AIM OF THE EXERCISE |
Beginning with the line that includes "this 600×400 image." and ending with the last line, print the records exactly, leaving every picture out.

*** Opening MATERIAL FOR THIS EXERCISE ***

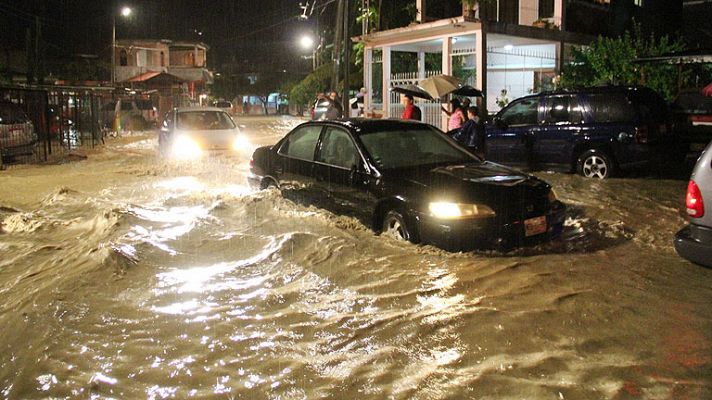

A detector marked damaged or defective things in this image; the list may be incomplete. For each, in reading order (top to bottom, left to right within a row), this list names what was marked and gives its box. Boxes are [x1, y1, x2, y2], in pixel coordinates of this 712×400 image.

tropical storm damage [0, 117, 708, 398]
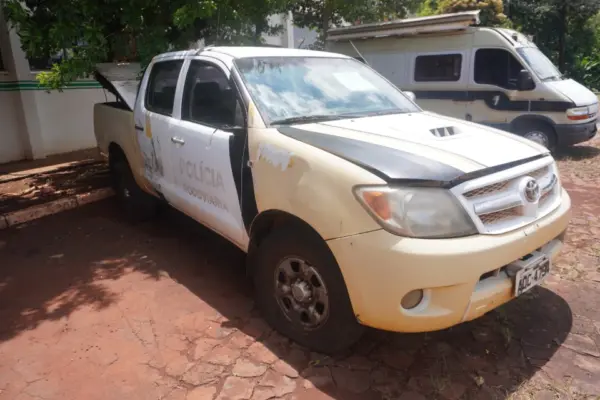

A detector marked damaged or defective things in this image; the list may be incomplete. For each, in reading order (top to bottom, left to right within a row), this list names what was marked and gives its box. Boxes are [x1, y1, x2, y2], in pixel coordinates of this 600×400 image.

dented hood [96, 61, 143, 110]
dented hood [276, 110, 548, 184]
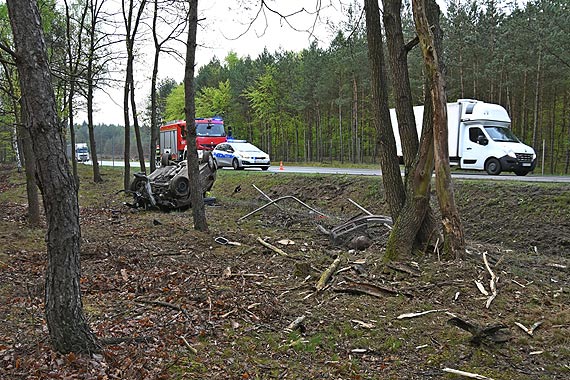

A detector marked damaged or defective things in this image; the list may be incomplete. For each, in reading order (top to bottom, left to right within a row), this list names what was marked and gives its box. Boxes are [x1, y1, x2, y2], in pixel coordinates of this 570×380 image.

crashed car [126, 151, 215, 211]
overturned vehicle [126, 152, 215, 211]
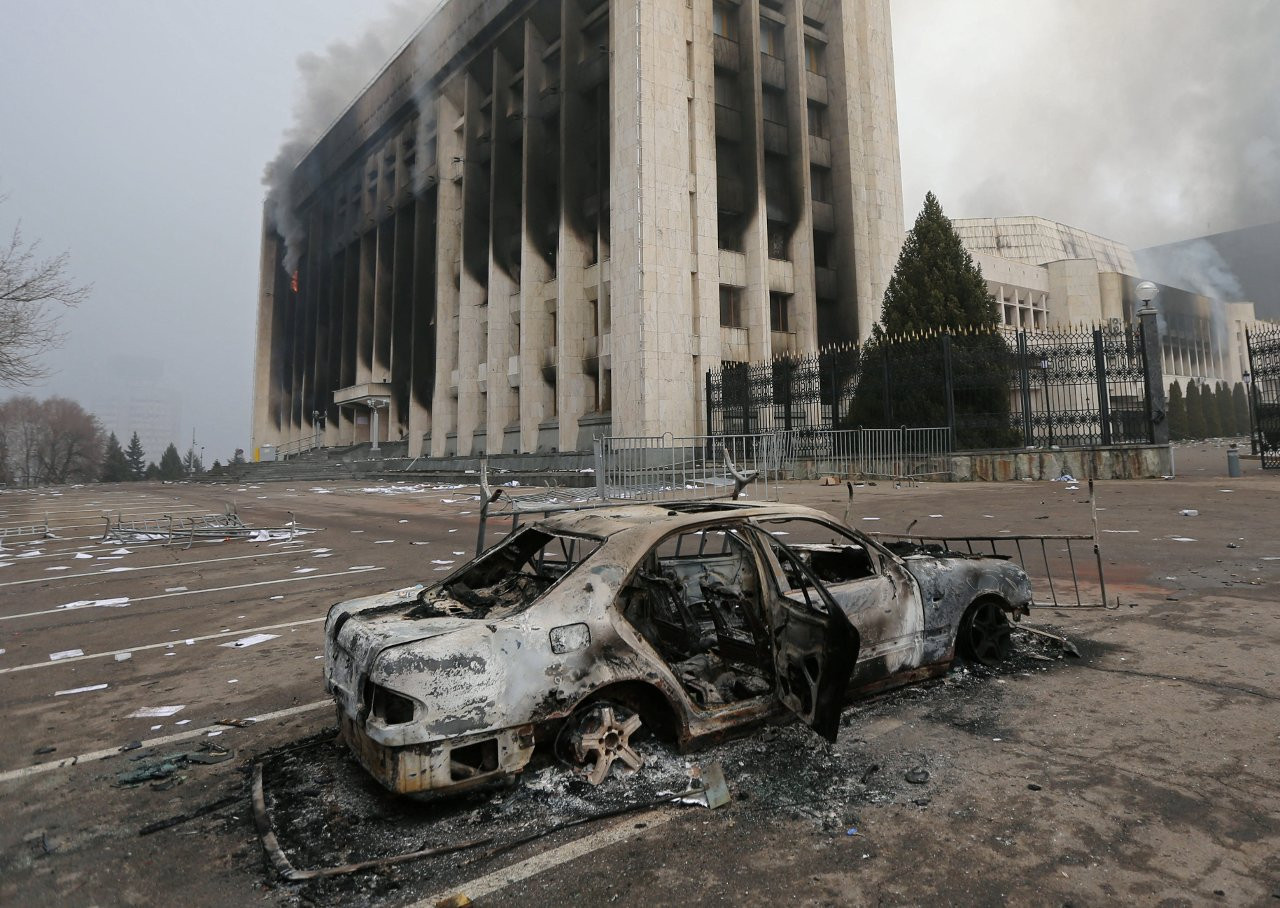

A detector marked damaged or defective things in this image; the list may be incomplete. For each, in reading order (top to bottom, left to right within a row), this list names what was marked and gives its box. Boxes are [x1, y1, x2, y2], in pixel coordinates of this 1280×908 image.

burned car [324, 500, 1032, 800]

*** Closing MATERIAL FOR THIS EXERCISE ***

ANSWER SPACE |
A detector marked damaged or defective things in this image; the list may be incomplete. For each, in reading order (top to bottom, left to right within a row), this list names what was marked and gives its box. Boxes are [x1, y1, x2, y2], in pixel coordinates of this 600×400 image.

dented hood [96, 61, 143, 110]
dented hood [276, 110, 548, 184]

A detector marked damaged or defective things in this image; the list may be incomplete. For each, in reading order (top to bottom, left to right within a row), this list names what was marked and gives its box. Boxes are [x1, y1, x2, y2], in pixel coordinates of this 570×380 image.

crashed car [126, 151, 215, 211]
overturned vehicle [126, 152, 215, 211]

A detector marked damaged or defective things in this image; the list may be incomplete. For each, in reading order (top to bottom, left to right within a row), this list names what was marked and gives its box. Boxes are [x1, y1, x2, y2], in pixel coordinates of this 1280×908 image.

burned car [324, 500, 1032, 800]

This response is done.